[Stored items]
=-=-=

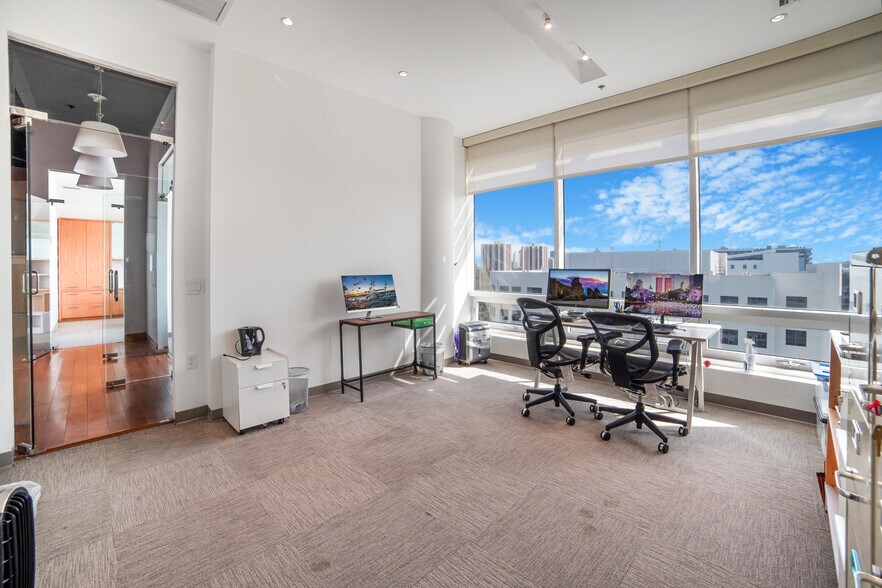 More Photos Of 20900 NE 30th Ave, Aventura Office Residential For Lease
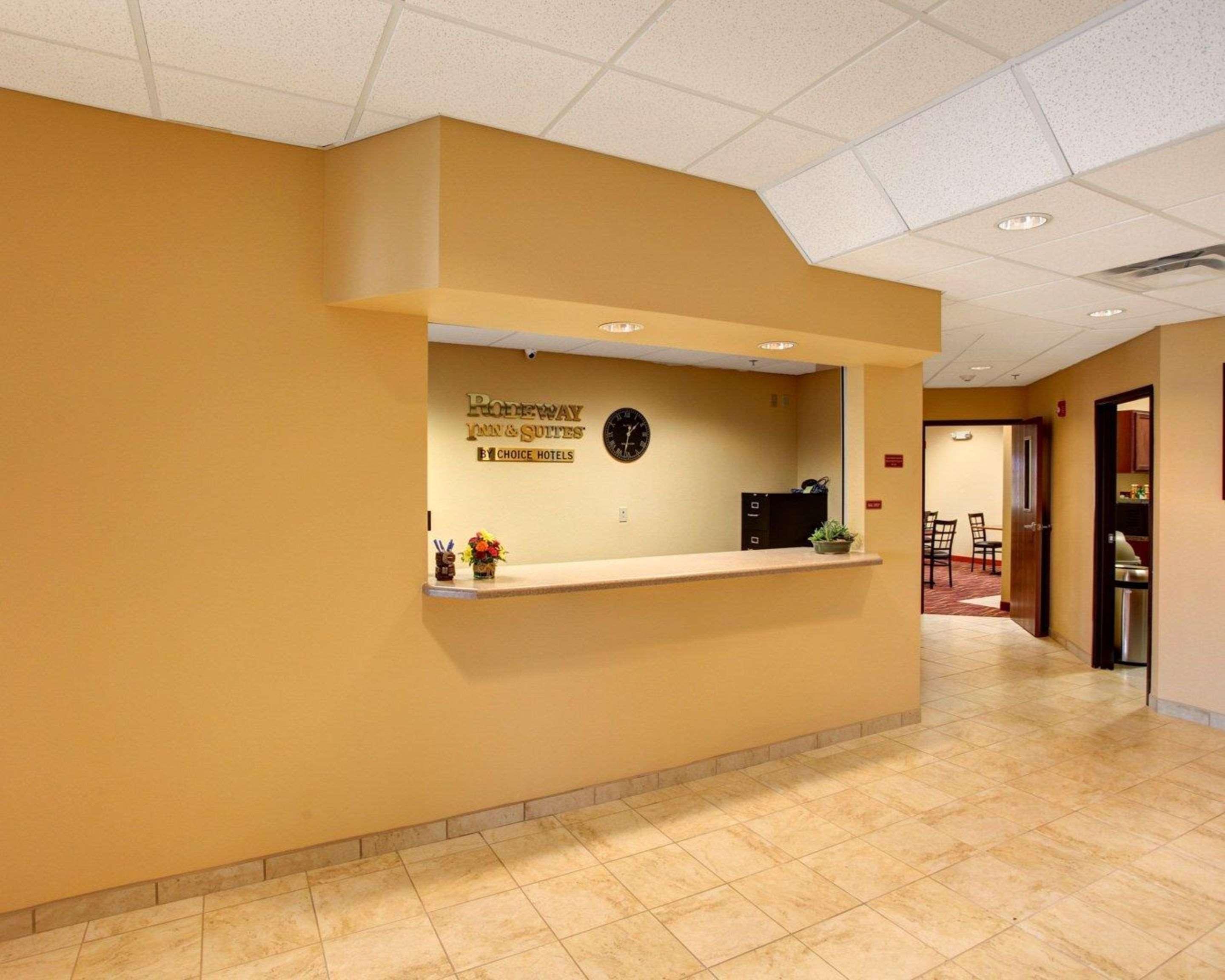 Rodeway Inn & Suites Phillipsburg エクステリア 写真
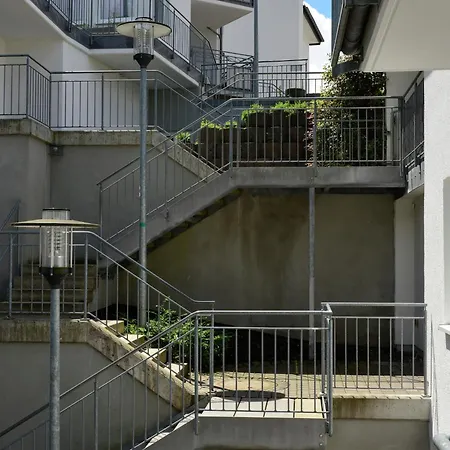Grosse In Mit Balkon, Cleaning Included * فيلنغن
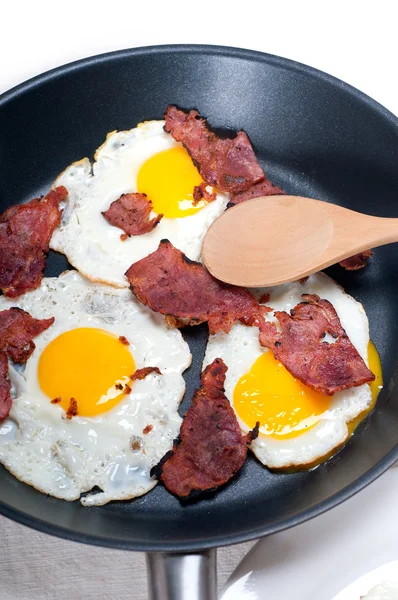 Eggs bacon and toast bread — Stock Photo, Image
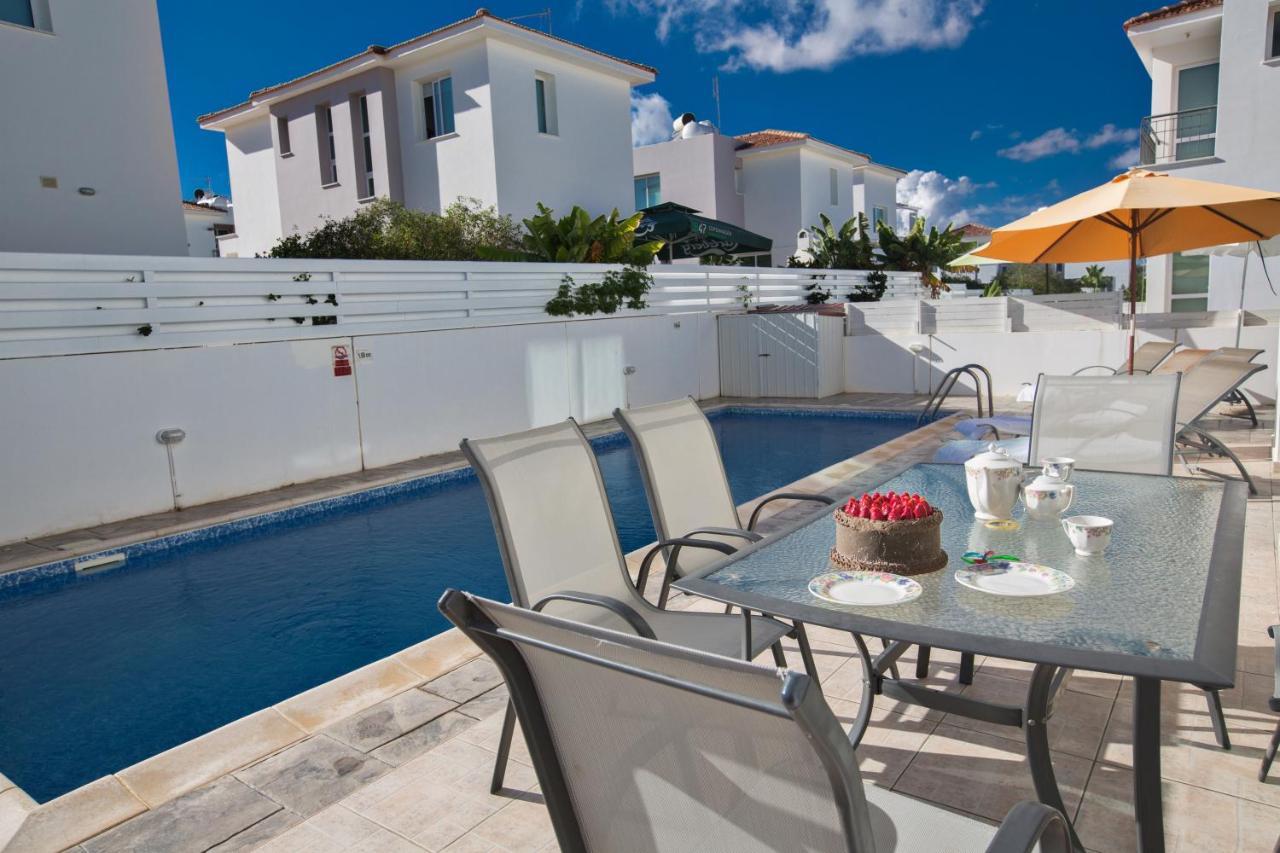 Avra Villas Paralimni Exterior photo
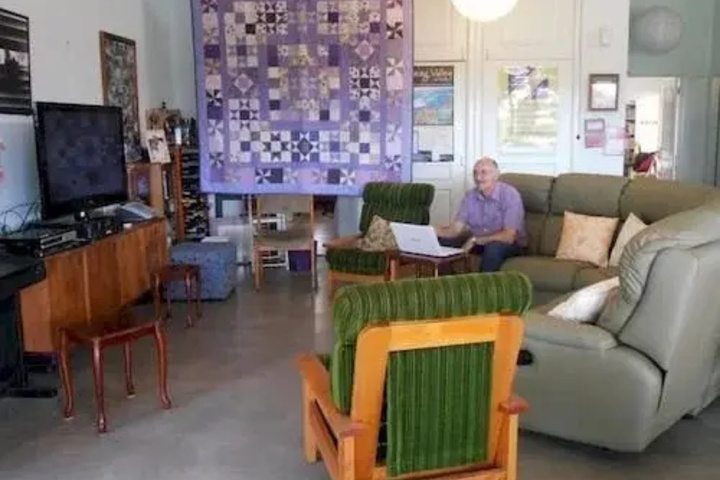 Room 8 of 13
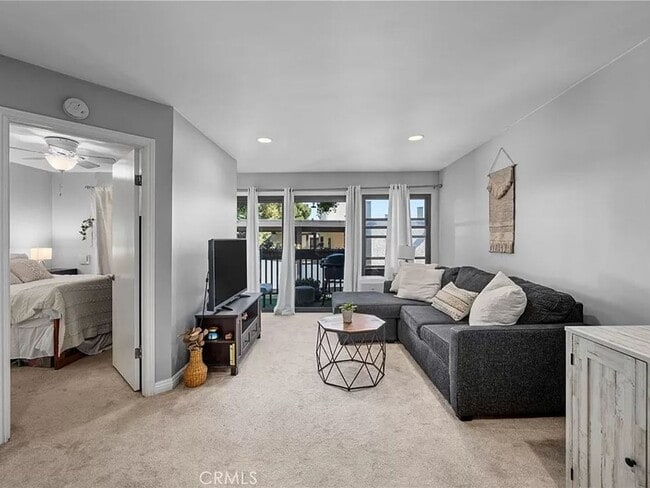 Building Photo - 1 Bedroom Condo within gated complex in Playa del Rey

=-=-=

▶ _Exercise_
Leaving out the pictures, return exactly the lines from the one that contains "Rodeway Inn & Suites Phillipsburg エクステリア 写真" through the last line of the records above, inclusive.

▶ _Answer_
 Rodeway Inn & Suites Phillipsburg エクステリア 写真
Grosse In Mit Balkon, Cleaning Included * فيلنغن
 Eggs bacon and toast bread — Stock Photo, Image
 Avra Villas Paralimni Exterior photo
 Room 8 of 13
 Building Photo - 1 Bedroom Condo within gated complex in Playa del Rey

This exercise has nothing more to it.